La dissuasion nucléaire française "élargie" à l'Europe est un vieux sujet, qui butte depuis les années 1990 (je commençais juste dans le métier !) sur trois obstacles : la peur viscérale du nucléaire dans l'opinion publique de certains de nos voisins (on ne les entend pas aujourd'hui mais qu'en sera t'il demain ?), la préférence donnée envers le parapluie US plus crédible et politiquement aussi plus acceptable car... nous même Français sommes perçus comme voulant en profiter pour prendre le leadership européen... étonnant non ?
Pour nous Français, l'élargissement de notre dissuasion nucléaire est d'abord déclaratoire, à l'instar de De Gaulle envisageant le BENELUX et la RFA comme nos intérêts vitaux, elle repose sur le fait d'introduire un doute supplémentaire chez l'assaillant possible.
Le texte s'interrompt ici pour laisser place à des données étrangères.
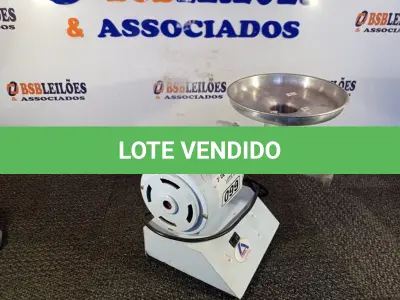 LOTE 099 - 01 MOEDOR DE CARNE MARCA ARBEL. (NO ESTADO) ATENÇÃO! FAZER A VISITAÇÃO ANTES DE ARREMATAR, NÃO SABEMOS SE FUNCIONA. LEILÃO NÃO TEM GARANTIA E NEM DEVOLUÇÃO, SUJEITO A POSSÍVEIS AVARIAS VISÍVEIS/OCULTAS E/OU AUSÊNCIA DE COMPONENTES.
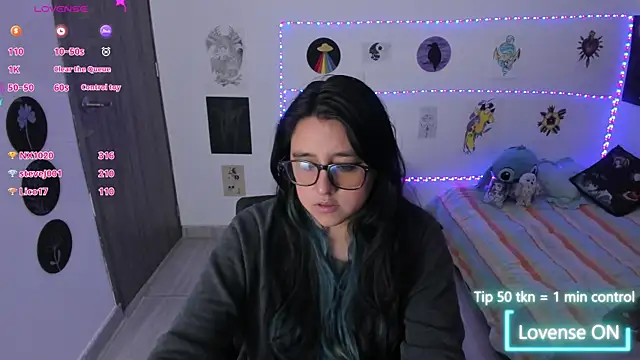 Chat +18 de Cherry_blush_ ao vivo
Cette détermination peut s'accompagner du déploiement au sol de forces françaises, en mer du groupe aéronaval "nucléarisé", voire de Rafale des FAS "potentiellement" dotés d'ASMP. Notre crédibilité doit d'abord s'accompagner d'une remontée en puissance, autour principalement de l'armement pré stratégique, celui dit de l'Ultime Avertissement", qui dans un cadre d'extension à des États européens alliés se doit à nouveau d'être réaffirmé.
Mais toute évolution en la matière doit accompagner l'expression d'une nouvelle solidarité européenne, à travers un pacte de défense européen renouvelé, auquel s'agrégeraient les États volontaires, autour d'une clause de défense mutuelle explicite, prévoyant un engagement ferme et automatique, renforçant la crédibilité dissuasive face à des menaces comme la Russie, sans dépendre de l’OTAN ou des États-Unis. Bref pour les anciens une "UEO" réinventée. Le Royaume-Uni pourrait être associé via un partenariat spécial. Politiquement et c'est fondamental, les décisions seraient prises par un vote à la majorité simple ou qualifiée entre membres, évitant la recherche permanente du consensus qui paralyse de l’UE ainsi que le procès d'intention à l'encontre de Paris... Le nucléaire ne peut en revanche que rester du ressort de l'autorité nationale concernée, la conduite des opérations militaires relèverait d'un état-major européen véritablement opérationnel s'appuyant sur les normes/standards OTAN existantes, Cette nouvelle alliance pourrait politiquement parler d'une voix unique dans les forums internationaux et régionaux de sécurité, voire soyons fous au sein de certaines institutions atlantiques afin d'instaurer un nouveau rapport de force au sein de l'OTAN..
Pour bâtir et être pris au sérieux en la matière, il faut combiner engagement français unilatéral et démarche politique collective d'alliance militaire revigorée et opérationnelle.